Etwas ernster wurde es 1988: da wurde Nicolae Ceaucescu aus Anlass von dessen 70. Geburtstag der Karl-Marx-Orden verliehen. Für mich war das nicht hinnehmbar, da ich Rumänien zum damaligen Zeitpunkt relativ gut kannte. Also schrieb ich zwei DIN-A4-Seiten, warum ich gegen diese Auszeichnung war. Da ich damals nur montags und freitags im Stammbetrieb war, die restlichen Tage auf Baustellen, meist im KKW Lubmin bei Greifswald weilte, wartete ich an einem Montagnachmittag, nachdem ich ein ganzes Wochenende am Text gefeilt habe und ihm in allerschönster Schönschrift schrieb, darauf, dass sich meine liebe Kollegen nach Hause begaben. Endlich waren sie weg und ich heftete mein Pamphlet, an eine Wandzeitung, die im Gang des Bürogebäudes hing. Der Dienstag verging, ich war auf der Baustelle und nichts passierte. Der Mittwoch verging auch, aber kurz vor 16 Uhr musste ich „sofort“ zum Bauleiter. Wenn das Wort „sofort“ fiel, war immer etwas im Busche und mein Leipziger Chef wollte mit mir telefonieren, oder besser gesagt, er brüllte ins Telefon, so dass man nicht viel verstand und den Hörer einige Dezimeter weg vom Ohr halten musste. So hörte der Bauleiter etwas von Konsequenzen, Achse Berlin-Bukarest und Schmierereien, die mir noch sehr Leid tun werden. Am Ende hieß, „Setz’ Dich in den nächsten Zug, morgen früh um 7 hast Du Dich vor der Abteilungsleitung zu verantworten“. So war es auch und am Ende versetzte man mich in eine Produktionsbrigade eines anderen Betriebes im Kombinat. Dort war ich etwa 6 Monate, nach anfänglichen Schwierigkeiten, ich musste in der Sandstrahlerei arbeiten, kam ich mit den Leuten ganz gut zu Recht, auch dank des dortigen Chefs, der – wie der Zufall es will – ein gebürtiger Siebenbürgen-Sachse war.

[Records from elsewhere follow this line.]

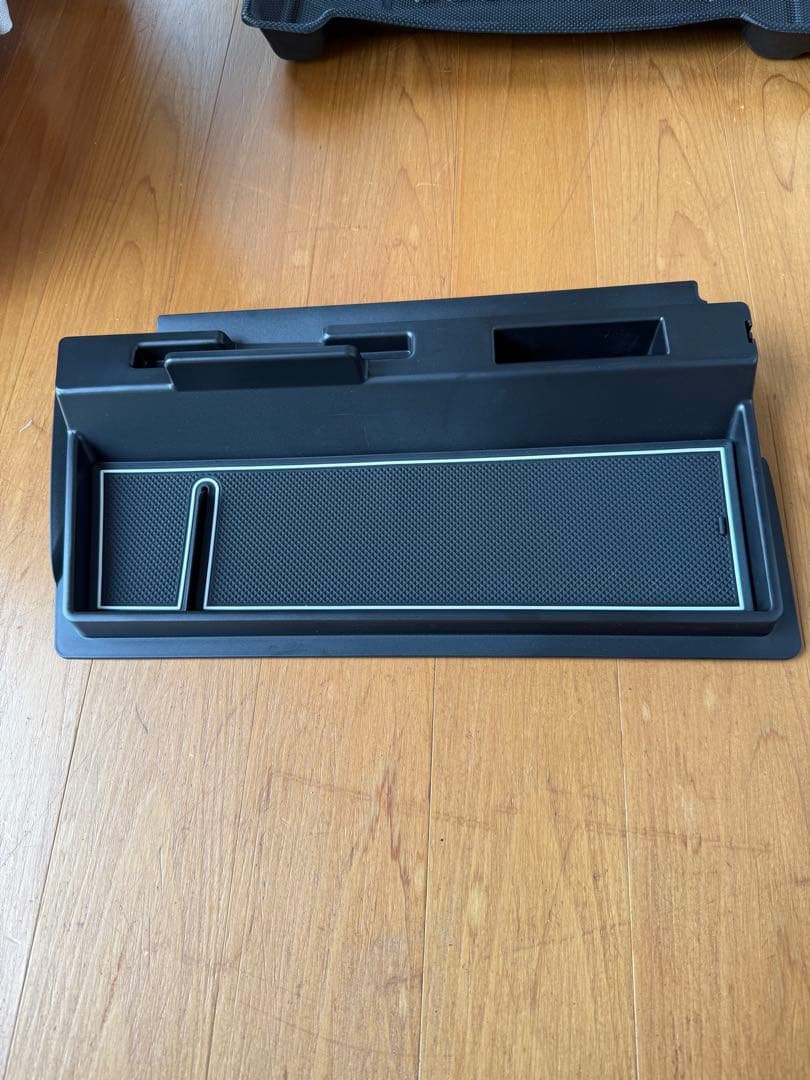 値下げ⭐️40系 現行ヴェルファイア　3Dマット、ゴミ箱、コンソール等セット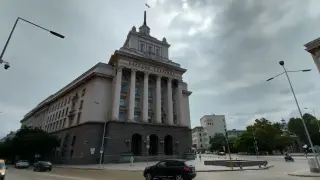 Седем министри на кръстосан разпит в НС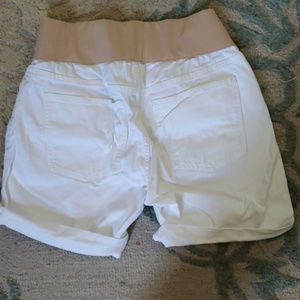 GAP Maternity Shorts (white)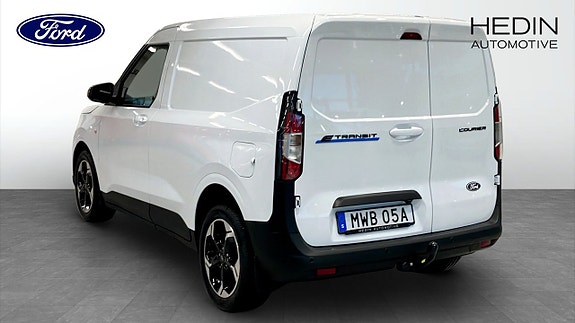 Ford E-Transit Courier 2 of 5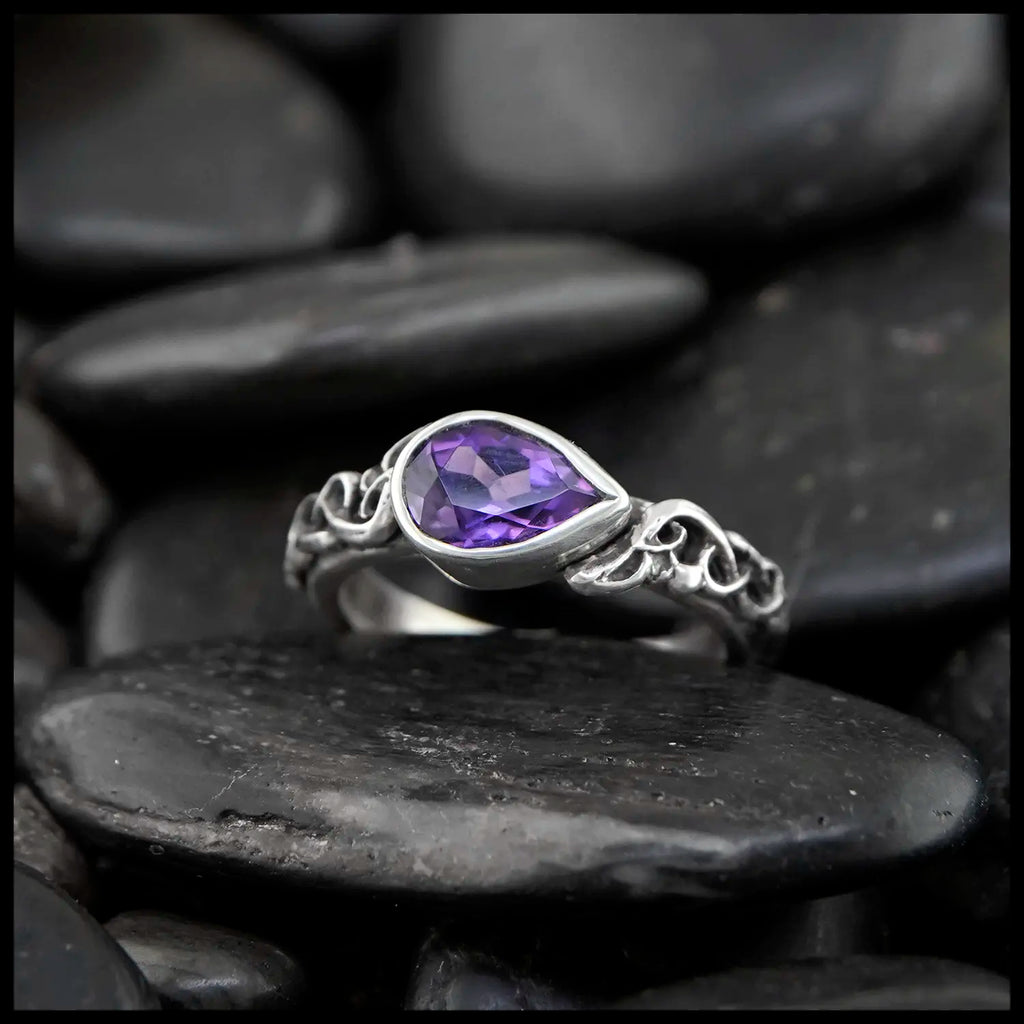 Amethyst custom Ring in Sterling Silver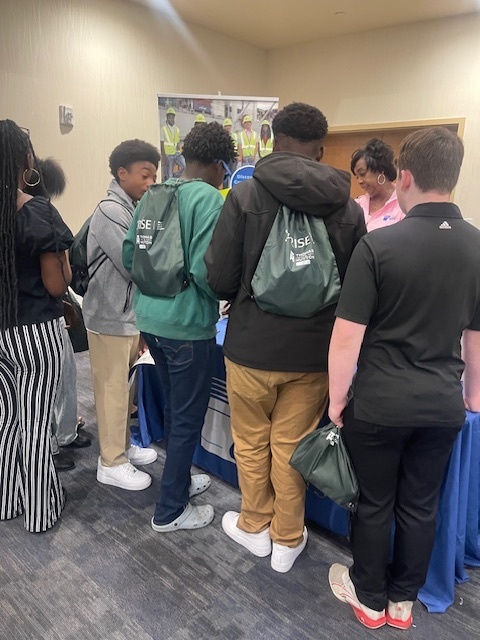 8th Graders Go on Field Trip to RISE at GSU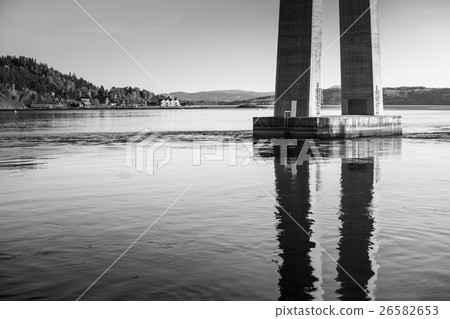 Skarnsund bridge bearing, cable-stayed bridge Skarnsund bridge bearing, cable-stayed bridge 26582653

Nun habe ich etwas aus dem Nähkästchen geplaudert. Meinen Freundeskreis habe ich diese Erlebnisse erzählt, wobei ich sagen muss, dass nicht alle mich unterstützten oder gar Verständnis entgegen brachten. Meinen Eltern habe ich damals nur Halbwahrheiten erzählt, so z.B. dass mein Produktionseinsatz unter der Rubrik „sozialistische Hilfe“ fiel.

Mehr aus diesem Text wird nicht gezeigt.